The observations were carried out in integral field spectroscopy mode: for each image pixel, the spectrum of the entire optical band (in the source rest frame) can be observed, shifted towards the infrared by the universe’s expansion. This allows for the study of various gas tracers (emission lines) using a 3D approach. Thanks to this technique, the team led by INAF detected spatially extended emissions from different elements, which were used to study the properties of the ionized interstellar medium, including the source and hardness of the photoionizing radiation field, metallicity, dust obscuration, electron density and temperature, and star formation rate. Furthermore, the researchers marginally detected the starlight emission associated with companion sources.

Federica Loiacono, astrophysicist, research fellow and postdoc working at INAF, enthusiastically comments on the results: “Thanks to NIRSpec, for the first time we can study in the PJ308-21 system the optical band, rich in precious diagnostic data on properties of the gas near the black hole in the galaxy hosting the quasar and in the surrounding galaxies. We can see, for example, the emission of hydrogen atoms and compare it with the chemical elements produced by the stars to establish how rich the gas in galaxies is in metals. The experience in reducing and calibrating these data, some of the first collected with NIRSpec in integral field spectroscopy mode, has ensured a strategic advantage for the Italian community in managing similar data from other programs.” Federica Loiacono is the Italian contact person for NIRSpec data reduction at the INAF JWST Support Center.

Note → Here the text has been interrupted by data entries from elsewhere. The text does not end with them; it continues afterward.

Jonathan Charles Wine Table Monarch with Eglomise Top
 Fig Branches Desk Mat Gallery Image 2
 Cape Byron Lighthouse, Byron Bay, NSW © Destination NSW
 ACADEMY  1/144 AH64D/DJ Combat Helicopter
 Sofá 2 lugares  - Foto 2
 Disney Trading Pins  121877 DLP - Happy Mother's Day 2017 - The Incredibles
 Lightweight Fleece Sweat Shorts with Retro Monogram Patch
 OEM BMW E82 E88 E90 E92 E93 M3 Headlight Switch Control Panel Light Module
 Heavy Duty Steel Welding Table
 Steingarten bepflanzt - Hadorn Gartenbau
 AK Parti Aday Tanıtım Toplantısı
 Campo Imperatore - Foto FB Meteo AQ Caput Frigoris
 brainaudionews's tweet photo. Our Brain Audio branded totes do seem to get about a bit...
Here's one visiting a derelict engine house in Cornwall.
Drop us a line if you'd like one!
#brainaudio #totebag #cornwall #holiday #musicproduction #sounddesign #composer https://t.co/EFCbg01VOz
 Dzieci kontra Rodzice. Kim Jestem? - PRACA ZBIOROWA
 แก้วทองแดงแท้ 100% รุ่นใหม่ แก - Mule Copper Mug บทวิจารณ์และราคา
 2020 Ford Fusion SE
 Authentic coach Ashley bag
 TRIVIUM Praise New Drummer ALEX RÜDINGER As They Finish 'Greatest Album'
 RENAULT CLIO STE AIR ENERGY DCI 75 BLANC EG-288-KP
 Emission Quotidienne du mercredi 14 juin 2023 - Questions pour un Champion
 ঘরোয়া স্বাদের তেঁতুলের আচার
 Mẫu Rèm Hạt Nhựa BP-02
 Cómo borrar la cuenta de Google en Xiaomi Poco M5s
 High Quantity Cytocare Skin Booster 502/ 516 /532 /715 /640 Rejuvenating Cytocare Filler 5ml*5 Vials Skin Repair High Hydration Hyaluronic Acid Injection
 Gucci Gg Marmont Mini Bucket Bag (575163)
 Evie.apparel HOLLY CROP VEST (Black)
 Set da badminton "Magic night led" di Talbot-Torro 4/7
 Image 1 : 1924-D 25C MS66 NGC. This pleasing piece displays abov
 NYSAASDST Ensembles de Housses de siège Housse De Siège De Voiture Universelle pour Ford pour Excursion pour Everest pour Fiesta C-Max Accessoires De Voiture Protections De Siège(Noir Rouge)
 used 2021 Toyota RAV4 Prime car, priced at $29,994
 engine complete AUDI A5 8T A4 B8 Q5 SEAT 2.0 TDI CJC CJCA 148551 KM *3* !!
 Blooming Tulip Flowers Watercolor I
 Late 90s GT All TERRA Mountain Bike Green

Future Directions and Implications

She adds: “Thanks to the sensitivity of the James Webb Space Telescope in the near and medium infrared, it was possible to study the spectrum of the quasar and companion galaxies with unprecedented precision in the distant universe. Only the excellent ‘view’ offered by JWST, with its unparalleled capabilities, can ensure these observations.” The work represented a real “emotional rollercoaster,” Decarli continues, “with the need to develop innovative solutions to overcome the initial difficulties in data reduction.”

This transformative impact of the James Webb Space Telescope’s onboard instruments underscores its crucial role in advancing astrophysical research: “Until a couple of years ago, data on the enrichment of metals (essential for understanding the chemical evolution of galaxies) were almost beyond our reach, especially at these distances. Now we can map them in detail with just a few hours of observation, even in galaxies observed when the universe was in its infancy,” Decarli concludes.

Reference: “A quasar-galaxy merger at z~6.2: Rapid host growth via the accretion of two massive satellite galaxies” by Roberto Decarli, Federica Loiacono, Emanuele Paolo Farina, Massimo Dotti, Alessandro Lupi, A. Romain Meyer, Marco Mignoli, Antonio Pensabene, A. Michael Strauss, Bram Venemans, Jinyi Yang, Fabian Walter and Julien Wolf, 2 July 2024, Astronomy & Astrophysics.